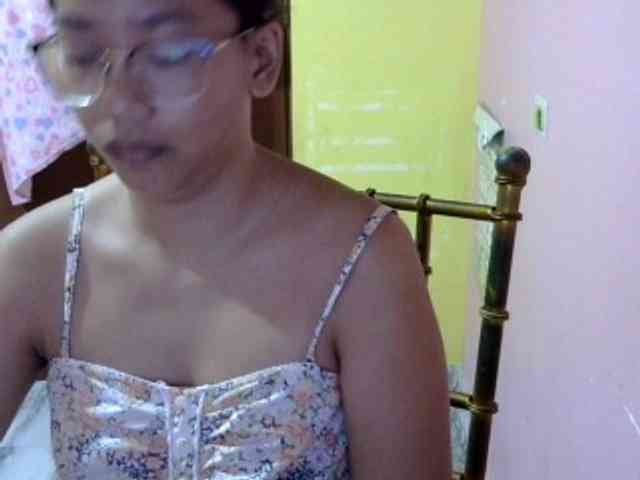 MystiqueMiss webcam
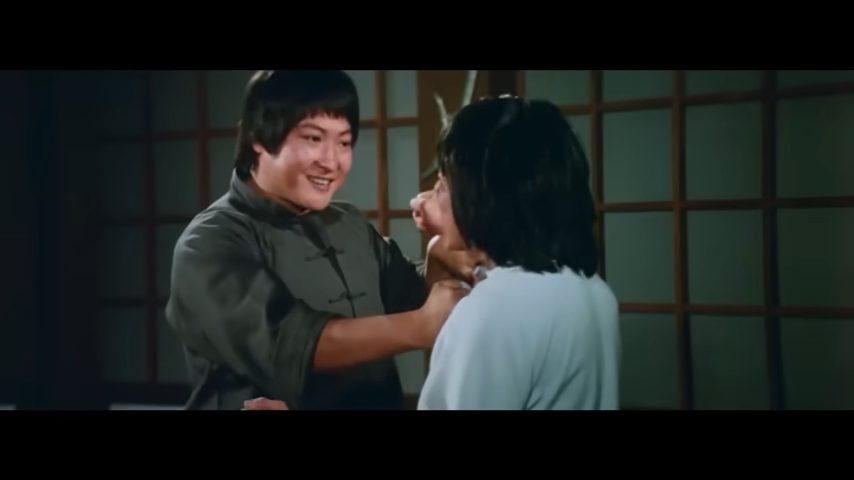 洪金寶是香港著名的動作指導兼演員。圖為《肥龍過江》劇照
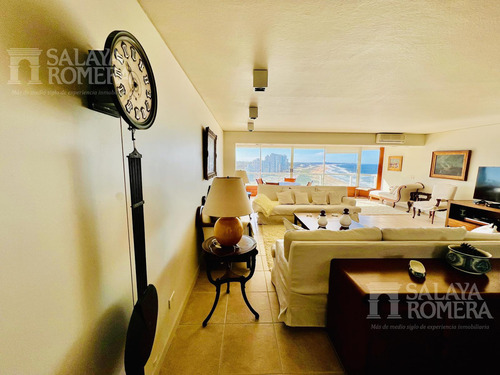 Venta: Apartamento 4 Dormitorios Edificio Estrella De Mar Punta Del Este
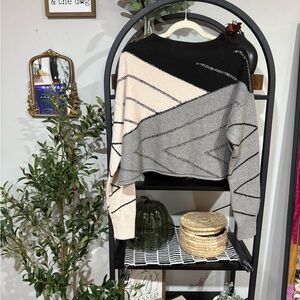 StitchDrop Colorblock cropped Sweater in Black, Cream, and Gray size medium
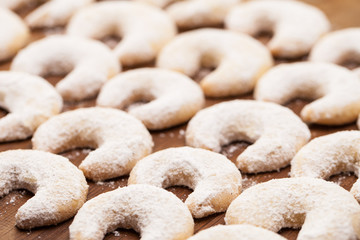 Viel Vanillekipferl schräg auf Holz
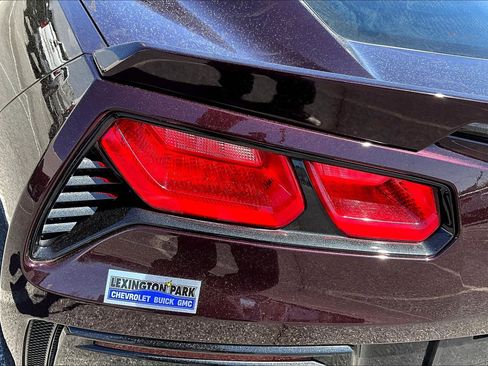 Used 2017 Chevrolet Corvette Stingray Coupe w/ Carbon Flash Badge Package image 30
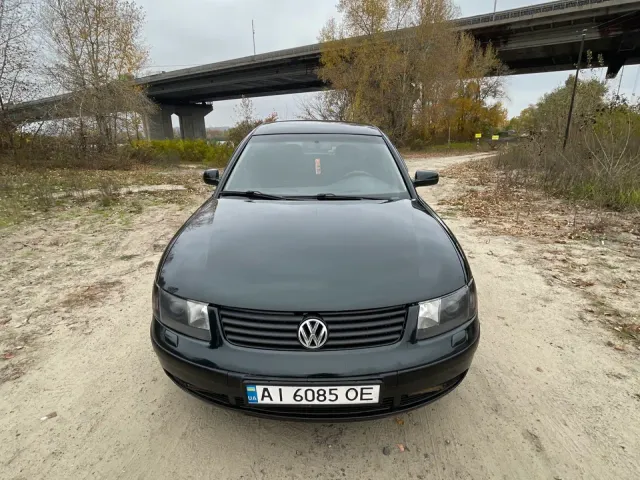 Volkswagen Passat - фото 3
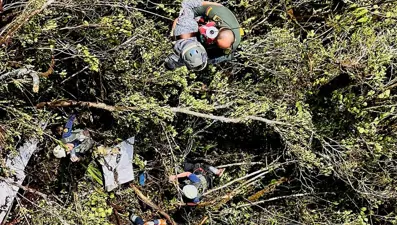 Kolombiya'daki uçak kazasında kaybolan 10 kişiden 5'inin cesedi bulundu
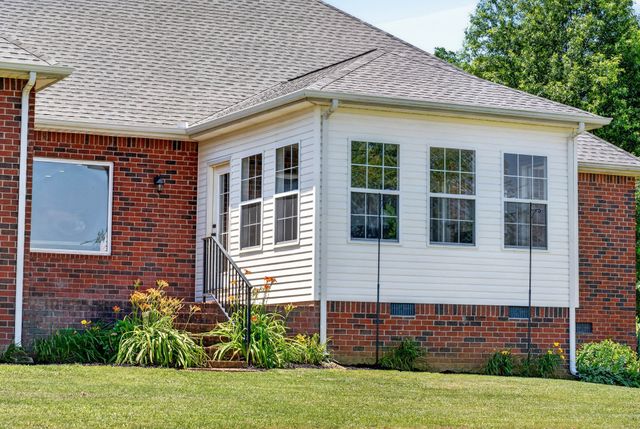 106 Overlook Ct, Portland, TN 37148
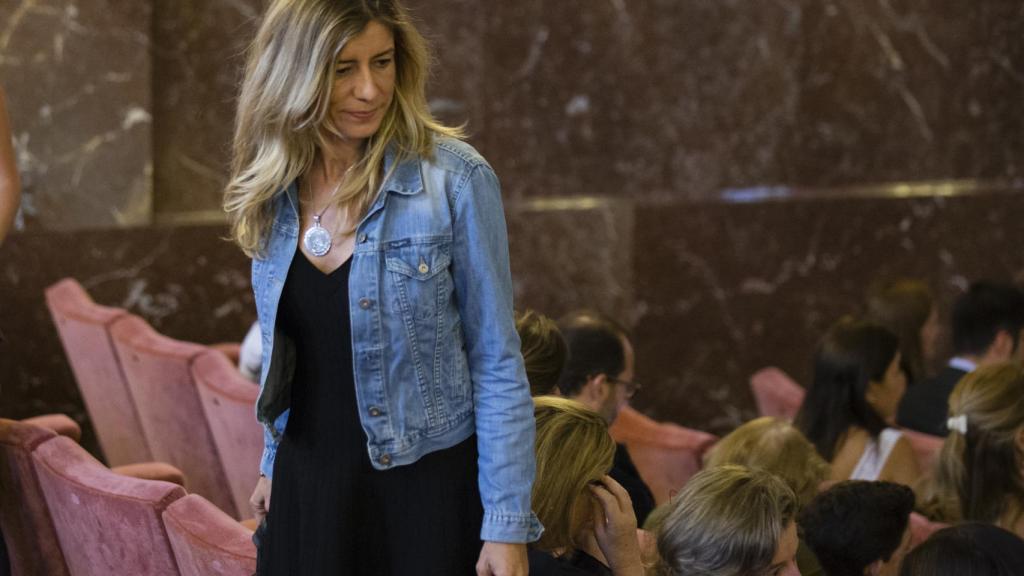 La mujer de Sánchez y 'primera dama' en Moncloa.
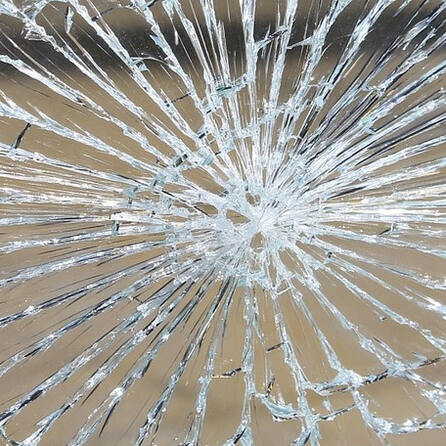 Polizei Augsburg fahndet nach Steinewerfern - Auf der B2 wurden schon 9 Autos getroffen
= = =
ACTIVITY :: Find the line with "Kolombiya'daki uçak kazasında". Return it and each line after it through the end of the data, exactly, without pictures.

SOLUTION ::
 Kolombiya'daki uçak kazasında kaybolan 10 kişiden 5'inin cesedi bulundu
 106 Overlook Ct, Portland, TN 37148
 La mujer de Sánchez y 'primera dama' en Moncloa.
 Polizei Augsburg fahndet nach Steinewerfern - Auf der B2 wurden schon 9 Autos getroffen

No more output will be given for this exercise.